> Exercise instructions
Below are the entries; return every line among them that holds the word "Tote".
(Record set Opens)
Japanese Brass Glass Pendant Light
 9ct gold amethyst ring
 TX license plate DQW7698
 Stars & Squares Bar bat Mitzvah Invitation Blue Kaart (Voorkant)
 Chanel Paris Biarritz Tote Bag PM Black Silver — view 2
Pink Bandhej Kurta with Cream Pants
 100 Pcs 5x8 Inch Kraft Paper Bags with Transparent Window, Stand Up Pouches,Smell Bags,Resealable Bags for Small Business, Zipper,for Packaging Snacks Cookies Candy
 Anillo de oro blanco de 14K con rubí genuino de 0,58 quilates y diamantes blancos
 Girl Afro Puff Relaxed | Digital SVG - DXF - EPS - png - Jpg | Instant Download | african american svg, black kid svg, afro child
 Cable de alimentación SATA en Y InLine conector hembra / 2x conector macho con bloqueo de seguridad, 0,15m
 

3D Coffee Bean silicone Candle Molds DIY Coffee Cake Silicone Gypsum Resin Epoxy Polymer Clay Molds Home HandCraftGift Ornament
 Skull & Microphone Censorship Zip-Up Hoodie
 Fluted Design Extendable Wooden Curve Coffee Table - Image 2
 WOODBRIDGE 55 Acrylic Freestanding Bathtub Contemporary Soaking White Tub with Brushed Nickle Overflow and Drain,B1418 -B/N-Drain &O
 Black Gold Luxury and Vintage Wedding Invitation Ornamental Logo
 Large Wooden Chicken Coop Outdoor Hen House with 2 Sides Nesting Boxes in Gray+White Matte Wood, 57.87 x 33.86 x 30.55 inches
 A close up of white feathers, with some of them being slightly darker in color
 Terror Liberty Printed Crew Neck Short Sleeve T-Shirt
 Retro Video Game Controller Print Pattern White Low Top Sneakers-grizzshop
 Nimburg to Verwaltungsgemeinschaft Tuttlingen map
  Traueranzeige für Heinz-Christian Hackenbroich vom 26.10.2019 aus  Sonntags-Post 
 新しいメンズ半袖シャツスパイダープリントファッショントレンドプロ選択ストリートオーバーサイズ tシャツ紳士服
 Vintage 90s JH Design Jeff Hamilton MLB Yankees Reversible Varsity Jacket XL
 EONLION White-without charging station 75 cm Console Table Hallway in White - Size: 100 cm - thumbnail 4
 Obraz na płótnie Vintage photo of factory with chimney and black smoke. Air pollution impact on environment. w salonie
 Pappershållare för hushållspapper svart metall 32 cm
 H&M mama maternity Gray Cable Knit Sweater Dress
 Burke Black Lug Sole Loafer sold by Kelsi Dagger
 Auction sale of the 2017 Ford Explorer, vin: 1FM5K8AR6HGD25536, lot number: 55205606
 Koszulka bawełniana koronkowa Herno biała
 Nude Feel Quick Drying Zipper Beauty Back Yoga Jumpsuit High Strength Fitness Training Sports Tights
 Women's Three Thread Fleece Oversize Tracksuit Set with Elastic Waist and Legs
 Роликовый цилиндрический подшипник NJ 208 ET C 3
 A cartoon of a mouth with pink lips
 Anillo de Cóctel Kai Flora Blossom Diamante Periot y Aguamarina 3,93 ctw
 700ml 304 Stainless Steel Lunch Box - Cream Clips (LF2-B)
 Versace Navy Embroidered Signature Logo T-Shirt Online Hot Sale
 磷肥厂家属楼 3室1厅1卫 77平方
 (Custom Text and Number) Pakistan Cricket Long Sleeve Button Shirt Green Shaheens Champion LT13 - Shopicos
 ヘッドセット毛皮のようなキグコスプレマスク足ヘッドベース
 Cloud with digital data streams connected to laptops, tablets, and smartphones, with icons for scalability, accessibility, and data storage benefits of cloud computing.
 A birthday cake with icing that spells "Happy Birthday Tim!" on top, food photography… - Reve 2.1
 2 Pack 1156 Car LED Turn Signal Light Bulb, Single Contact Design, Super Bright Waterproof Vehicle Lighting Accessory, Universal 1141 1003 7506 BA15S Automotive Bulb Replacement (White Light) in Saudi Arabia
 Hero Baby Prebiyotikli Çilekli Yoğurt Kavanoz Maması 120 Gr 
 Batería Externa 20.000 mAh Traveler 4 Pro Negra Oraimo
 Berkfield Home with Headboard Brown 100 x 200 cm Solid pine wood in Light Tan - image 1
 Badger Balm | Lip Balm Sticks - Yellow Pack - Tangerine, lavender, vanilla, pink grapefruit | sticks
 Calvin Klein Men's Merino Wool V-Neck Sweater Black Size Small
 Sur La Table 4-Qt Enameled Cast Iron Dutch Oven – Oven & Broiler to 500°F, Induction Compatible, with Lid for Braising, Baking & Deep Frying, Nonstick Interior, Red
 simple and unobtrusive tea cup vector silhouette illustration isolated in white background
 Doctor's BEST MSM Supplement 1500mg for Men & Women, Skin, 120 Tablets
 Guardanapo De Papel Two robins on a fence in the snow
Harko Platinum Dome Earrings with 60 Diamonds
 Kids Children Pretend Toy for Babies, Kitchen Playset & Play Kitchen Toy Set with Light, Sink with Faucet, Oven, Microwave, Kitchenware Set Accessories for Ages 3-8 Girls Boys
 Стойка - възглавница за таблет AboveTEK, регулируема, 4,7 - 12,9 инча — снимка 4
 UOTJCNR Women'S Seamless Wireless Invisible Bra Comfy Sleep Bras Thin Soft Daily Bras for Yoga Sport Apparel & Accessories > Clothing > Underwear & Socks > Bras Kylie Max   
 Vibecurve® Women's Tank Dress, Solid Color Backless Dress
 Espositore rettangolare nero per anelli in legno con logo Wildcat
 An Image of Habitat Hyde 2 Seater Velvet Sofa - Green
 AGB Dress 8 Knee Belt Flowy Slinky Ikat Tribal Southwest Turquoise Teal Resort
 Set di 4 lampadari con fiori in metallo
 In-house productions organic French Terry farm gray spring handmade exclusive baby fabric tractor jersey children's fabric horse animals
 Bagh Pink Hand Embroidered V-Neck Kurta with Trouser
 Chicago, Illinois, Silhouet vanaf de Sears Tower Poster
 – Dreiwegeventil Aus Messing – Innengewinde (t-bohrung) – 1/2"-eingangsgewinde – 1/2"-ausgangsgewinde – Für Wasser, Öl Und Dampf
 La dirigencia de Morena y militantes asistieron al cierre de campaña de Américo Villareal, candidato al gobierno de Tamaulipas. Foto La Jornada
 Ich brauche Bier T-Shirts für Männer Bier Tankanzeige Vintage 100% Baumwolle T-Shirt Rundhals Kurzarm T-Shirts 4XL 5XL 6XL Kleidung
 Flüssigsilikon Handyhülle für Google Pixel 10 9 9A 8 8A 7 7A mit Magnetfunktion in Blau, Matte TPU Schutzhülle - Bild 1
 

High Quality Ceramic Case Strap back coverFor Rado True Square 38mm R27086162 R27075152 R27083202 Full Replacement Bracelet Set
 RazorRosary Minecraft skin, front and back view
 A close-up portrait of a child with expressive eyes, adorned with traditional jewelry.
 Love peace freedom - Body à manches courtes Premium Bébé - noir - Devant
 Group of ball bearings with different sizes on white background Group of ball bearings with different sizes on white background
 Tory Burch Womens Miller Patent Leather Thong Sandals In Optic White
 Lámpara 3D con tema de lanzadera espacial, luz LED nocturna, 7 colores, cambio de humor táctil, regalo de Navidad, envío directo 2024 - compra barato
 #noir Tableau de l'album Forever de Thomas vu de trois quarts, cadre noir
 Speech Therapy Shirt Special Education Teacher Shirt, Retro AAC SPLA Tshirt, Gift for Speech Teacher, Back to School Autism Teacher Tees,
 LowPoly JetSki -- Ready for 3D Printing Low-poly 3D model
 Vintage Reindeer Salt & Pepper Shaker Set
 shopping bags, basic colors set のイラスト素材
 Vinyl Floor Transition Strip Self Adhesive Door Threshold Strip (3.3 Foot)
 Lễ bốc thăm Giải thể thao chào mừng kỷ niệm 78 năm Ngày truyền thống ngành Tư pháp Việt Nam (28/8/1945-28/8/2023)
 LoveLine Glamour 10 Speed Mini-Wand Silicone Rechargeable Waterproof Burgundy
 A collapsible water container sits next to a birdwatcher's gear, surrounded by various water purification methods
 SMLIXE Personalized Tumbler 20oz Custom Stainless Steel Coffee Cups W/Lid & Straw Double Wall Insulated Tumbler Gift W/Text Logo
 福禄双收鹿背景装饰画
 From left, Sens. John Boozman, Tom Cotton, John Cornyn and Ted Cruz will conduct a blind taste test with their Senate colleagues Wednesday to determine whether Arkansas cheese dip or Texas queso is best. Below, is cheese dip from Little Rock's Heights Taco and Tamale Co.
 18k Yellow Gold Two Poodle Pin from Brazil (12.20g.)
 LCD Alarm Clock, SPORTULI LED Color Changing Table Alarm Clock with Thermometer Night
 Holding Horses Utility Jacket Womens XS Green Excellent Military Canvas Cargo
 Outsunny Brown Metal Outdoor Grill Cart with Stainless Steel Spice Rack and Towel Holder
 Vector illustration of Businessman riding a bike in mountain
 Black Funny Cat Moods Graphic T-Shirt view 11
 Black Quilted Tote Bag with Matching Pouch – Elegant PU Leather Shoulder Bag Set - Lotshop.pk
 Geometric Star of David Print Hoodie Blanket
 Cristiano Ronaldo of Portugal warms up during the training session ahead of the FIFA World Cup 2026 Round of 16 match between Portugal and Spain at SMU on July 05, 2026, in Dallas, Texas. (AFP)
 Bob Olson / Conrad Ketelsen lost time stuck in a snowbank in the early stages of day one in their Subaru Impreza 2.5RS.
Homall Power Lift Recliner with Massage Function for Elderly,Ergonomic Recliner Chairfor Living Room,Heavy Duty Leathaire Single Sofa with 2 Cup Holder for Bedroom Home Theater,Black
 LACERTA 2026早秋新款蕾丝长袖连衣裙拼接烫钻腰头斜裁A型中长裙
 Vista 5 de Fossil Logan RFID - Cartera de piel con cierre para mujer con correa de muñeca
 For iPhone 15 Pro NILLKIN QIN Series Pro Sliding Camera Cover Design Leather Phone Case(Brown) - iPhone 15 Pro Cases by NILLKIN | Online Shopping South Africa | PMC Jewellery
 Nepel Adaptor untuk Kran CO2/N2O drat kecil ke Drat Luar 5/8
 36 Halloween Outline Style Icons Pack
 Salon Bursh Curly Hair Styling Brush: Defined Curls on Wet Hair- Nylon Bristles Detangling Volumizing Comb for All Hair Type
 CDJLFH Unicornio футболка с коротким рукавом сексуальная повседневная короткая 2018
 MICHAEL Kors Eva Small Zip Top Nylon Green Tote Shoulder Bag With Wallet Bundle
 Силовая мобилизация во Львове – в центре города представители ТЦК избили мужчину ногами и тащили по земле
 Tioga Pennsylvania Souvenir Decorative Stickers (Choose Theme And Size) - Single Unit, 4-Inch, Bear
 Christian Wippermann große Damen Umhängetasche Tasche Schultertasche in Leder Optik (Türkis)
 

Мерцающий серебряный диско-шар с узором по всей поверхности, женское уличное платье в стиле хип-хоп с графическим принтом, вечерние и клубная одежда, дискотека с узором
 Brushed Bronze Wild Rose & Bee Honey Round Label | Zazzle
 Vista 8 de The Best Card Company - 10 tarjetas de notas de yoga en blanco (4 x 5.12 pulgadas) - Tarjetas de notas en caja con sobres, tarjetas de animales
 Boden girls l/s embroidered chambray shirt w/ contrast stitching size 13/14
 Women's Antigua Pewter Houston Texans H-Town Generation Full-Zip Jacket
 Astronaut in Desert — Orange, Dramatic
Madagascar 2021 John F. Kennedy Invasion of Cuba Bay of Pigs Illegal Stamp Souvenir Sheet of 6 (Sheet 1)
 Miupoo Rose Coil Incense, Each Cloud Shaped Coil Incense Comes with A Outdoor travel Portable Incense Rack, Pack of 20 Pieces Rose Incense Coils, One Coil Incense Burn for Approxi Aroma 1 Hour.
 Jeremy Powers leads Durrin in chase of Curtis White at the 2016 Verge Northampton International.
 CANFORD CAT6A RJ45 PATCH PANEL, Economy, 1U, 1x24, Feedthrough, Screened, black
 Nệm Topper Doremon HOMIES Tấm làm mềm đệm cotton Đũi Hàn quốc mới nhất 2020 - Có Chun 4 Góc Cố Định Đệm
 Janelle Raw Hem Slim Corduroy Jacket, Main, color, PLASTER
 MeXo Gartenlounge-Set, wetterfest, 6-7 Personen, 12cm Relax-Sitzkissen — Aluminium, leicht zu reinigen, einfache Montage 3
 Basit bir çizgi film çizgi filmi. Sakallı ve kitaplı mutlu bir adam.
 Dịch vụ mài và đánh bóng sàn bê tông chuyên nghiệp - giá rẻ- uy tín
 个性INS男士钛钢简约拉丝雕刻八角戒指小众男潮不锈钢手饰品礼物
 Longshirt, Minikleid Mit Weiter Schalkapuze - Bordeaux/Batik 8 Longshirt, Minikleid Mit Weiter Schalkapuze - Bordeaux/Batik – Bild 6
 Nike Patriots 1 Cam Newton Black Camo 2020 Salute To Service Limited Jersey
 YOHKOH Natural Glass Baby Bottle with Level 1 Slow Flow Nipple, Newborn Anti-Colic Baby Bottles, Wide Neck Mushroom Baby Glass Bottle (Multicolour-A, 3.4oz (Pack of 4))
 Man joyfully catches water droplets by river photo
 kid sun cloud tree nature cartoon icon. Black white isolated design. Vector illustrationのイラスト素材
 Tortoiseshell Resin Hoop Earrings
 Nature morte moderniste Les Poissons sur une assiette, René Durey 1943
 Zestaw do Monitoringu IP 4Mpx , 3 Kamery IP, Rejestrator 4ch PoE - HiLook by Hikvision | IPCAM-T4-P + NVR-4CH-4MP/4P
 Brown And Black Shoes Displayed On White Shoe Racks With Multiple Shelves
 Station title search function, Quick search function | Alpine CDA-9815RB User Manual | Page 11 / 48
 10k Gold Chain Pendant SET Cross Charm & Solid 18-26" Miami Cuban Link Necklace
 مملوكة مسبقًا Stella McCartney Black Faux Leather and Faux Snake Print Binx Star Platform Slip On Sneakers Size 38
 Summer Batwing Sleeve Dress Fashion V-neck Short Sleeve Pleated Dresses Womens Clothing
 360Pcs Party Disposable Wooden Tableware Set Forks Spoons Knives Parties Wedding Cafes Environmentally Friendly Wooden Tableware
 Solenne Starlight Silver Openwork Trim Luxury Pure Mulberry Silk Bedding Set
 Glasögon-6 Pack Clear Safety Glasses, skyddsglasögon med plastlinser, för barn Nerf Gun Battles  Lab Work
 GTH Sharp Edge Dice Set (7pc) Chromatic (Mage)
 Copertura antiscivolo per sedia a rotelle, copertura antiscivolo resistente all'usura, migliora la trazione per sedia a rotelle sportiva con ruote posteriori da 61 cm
(Record set Closes)
> Response area
 Chanel Paris Biarritz Tote Bag PM Black Silver — view 2
 Black Quilted Tote Bag with Matching Pouch – Elegant PU Leather Shoulder Bag Set - Lotshop.pk
 MICHAEL Kors Eva Small Zip Top Nylon Green Tote Shoulder Bag With Wallet Bundle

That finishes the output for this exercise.